Por isso mesmo que o governo foi veloz no envio do assessor diplomático especial, o ex-ministro do Itamaraty, Celso Amorim, para uma conversa com Maduro em Caracas. Posteriormente, tanto na sua coletiva de imprensa da COP28, em Dubai, como na 63ª Cúpula do Mercosul, no último dia 7, Lula pediu mais uma vez o fim da animosidade. Seu plano parece ser conseguir traçar um novo détente aos crescentes conflitos globais, e essa questão com a Venezuela pode ser um primeiro teste de efetividade ao seu papel de liderança para soluções nestes moldes. O governo brasileiro também já informou que o país não permitirá que seu território seja violado, confirmando que as Forças Armadas já estariam de aviso e em prontidão, a caminho da região.
Além disso, Lula deixou claro que caso haja a necessidade de um mediador externo para esse conflito, o Brasil quer sê-lo. Esse posicionamento é importante porque afasta as tentações de potências externas mais distantes em querer esquentar o conflito como uma forma de confrontar seus interesses econômicos e políticos usando a região como um proxy. Os esforços do presidente brasileiro teriam já inicialmente dado frutos, pois após suas ligações aos líderes da Venezuela e Guiana, ambos os países teriam aceitado a realização de um encontro para tratar de Essequibo, convidando Lula para ser um observador. A reunião acontecerá na próxima quinta-feira (14), em São Vicente e Granadinas, no Caribe. O presidente do país caribenho também estará presente como um intermediário. Até o momento, não se confirmou se Lula estará presente ou se enviará Amorim.
Dificilmente se imagina que se chegará a isso, mas outros problemas podem surgir desse renascente conflito territorial. Quem alertou para essa outra possibilidade, que seria a maior preocupação brasileira, foi Amorim. O assessor especial alerta que a situação de Essequibo pode ser utilizada como uma desculpa para o aumento de bases militares estrangeiras na região da Bacia Amazônica. Mais precisamente, bases estadunidenses no território da Guiana. Isso não só pioraria as tensões com a Venezuela, como aumentaria o militarismo em uma região importante para os interesses geopolíticos do Brasil.
O medo da presença internacional na Amazônia é antigo. A necessidade de evitar a presença militar na região foi compartilhada desde Vargas até os militares da ditadura.

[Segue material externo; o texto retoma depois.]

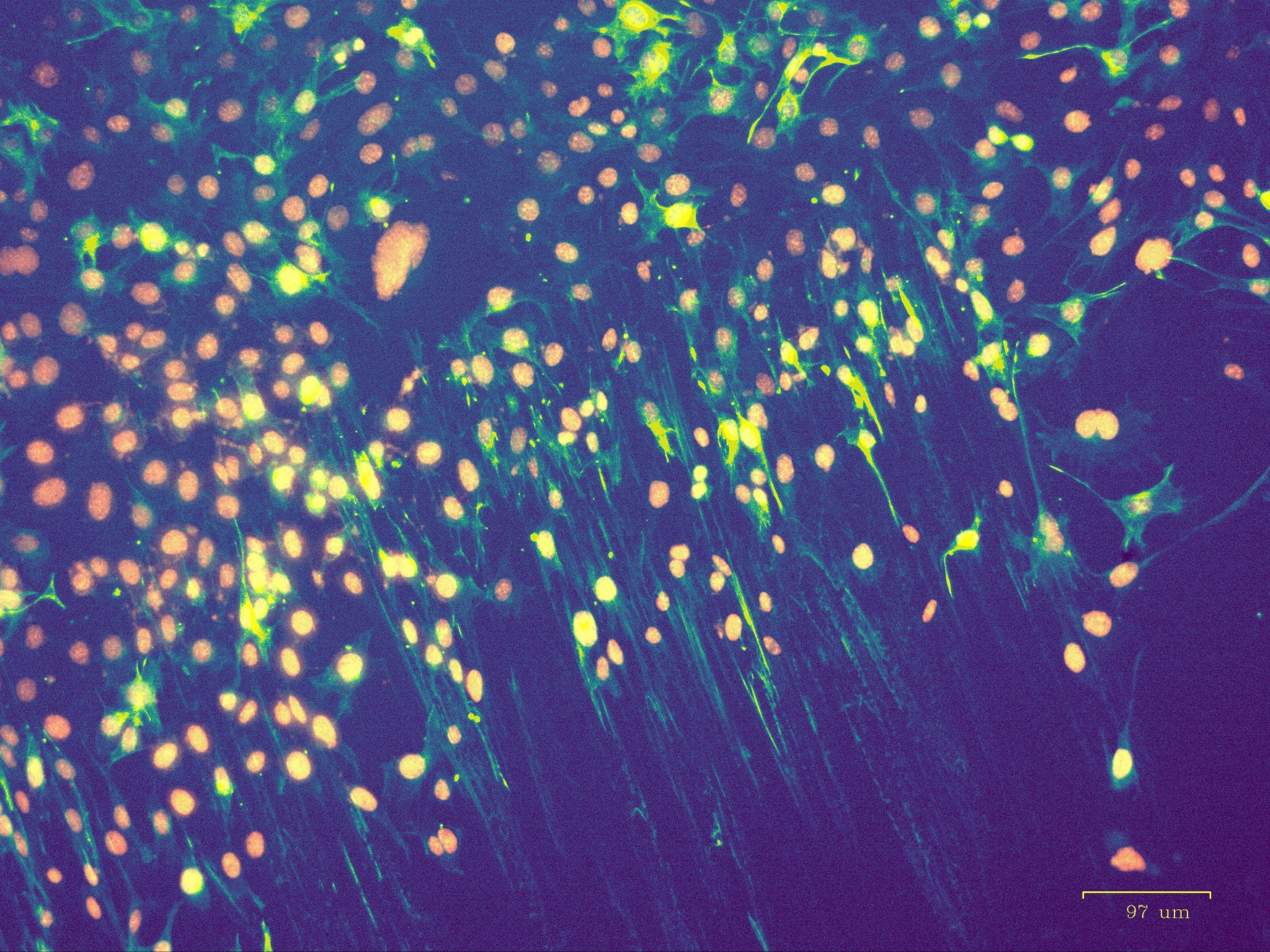 Флуоресцентная микроскопия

A região amazônica é a maior bacia hidrográfica e repositório de biodiversidade do mundo. Ao Brasil, não interessa o aumento de presença militar de nenhum país estrangeiro ali, por motivos de defesa da soberania do território e da proteção de sua zona de segurança e influência.
As ações de Maduro provavelmente ocorreram por motivos internos e certamente não são oportunas para mais ninguém entre os envolvidos e interessados. De qualquer forma, já vieram. A discussão sobre quem tem mais direito a ocupar Essequibo é menos importante do que a compreensão de como pode ficar a balança de poder na região. O mais novo desafio de Lula é demonstrar como manter o détente, ou seja, como relaxar as tensões deste conflito. Sua mediação é uma oportunidade de provar ao mundo que pode ser um líder deste calibre. Uma derrota diplomática, no entanto, seria tremenda aos interesses da política externa brasileira.
Daniel Azevedo Muñoz é professor e jornalista, mestre e doutorando em História Contemporânea pela Universidad Autónoma de Madrid. Integra o grupo de pesquisa em Jornalismo Popular & Alternativo, da Universidade de São Paulo.